Comparing these metrics:

- **MAE** is the easiest to understand, because it's the average error.
- **MSE** "punishes" larger errors
- **RMSE** easier to understand because RMSE is in the "y" units.

All of these are measures of error or loss, because lower is better.

Here's an example, to demonstrate how MSE/RMSE punish larger errors:

In [14]:
# same true values as above
y_true = [100, 50, 30, 20]

# new set of predicted values
y_pred = [60, 50, 30, 20]

# the previous values were:  y_pred = [90, 50, 50, 30]

# MAE is the same as before
print (metrics.mean_absolute_error(y_true, y_pred))

# RMSE is larger than before
print (np.sqrt(metrics.mean_squared_error(y_true, y_pred)))

10.0
20.0


### Exercise:  Selecting good features

Split the data into train/test sets and use RMSE to decide whether the newspaper feature should be used for our model.  You will need to train/test two versions - with and without that feature.

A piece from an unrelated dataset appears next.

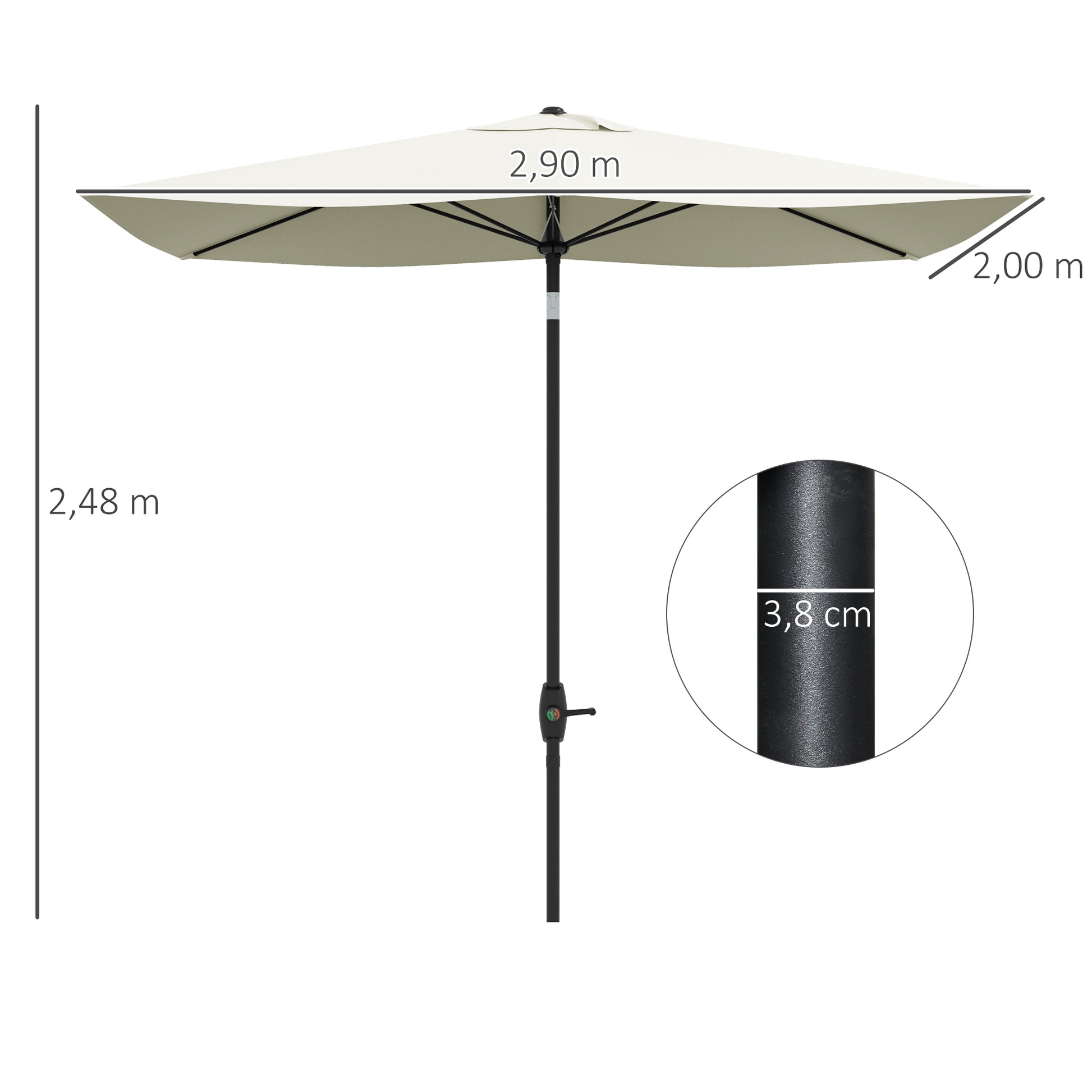 Outsunny Sombrilla De Terraza Exterior 3x2 M Con Ángulo Ajustable Beige_2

### Advantages/disadvantages of linear regression

Advantages of linear regression:

- Simple to explain
- Highly interpretable
- Model training and prediction are fast
- No tuning is required 
- Can perform well with a small number of observations

Disadvantages of linear regression:

- Presumes a linear relationship between the features and the labels
- Performance is (generally) not competitive with the best regression methods
- Can be sensitive to irrelevant features and outliers

Linear regression is a **parametric method**, meaning that success depends on the data satisfying our assumption that the data fall on a line/hyperplane.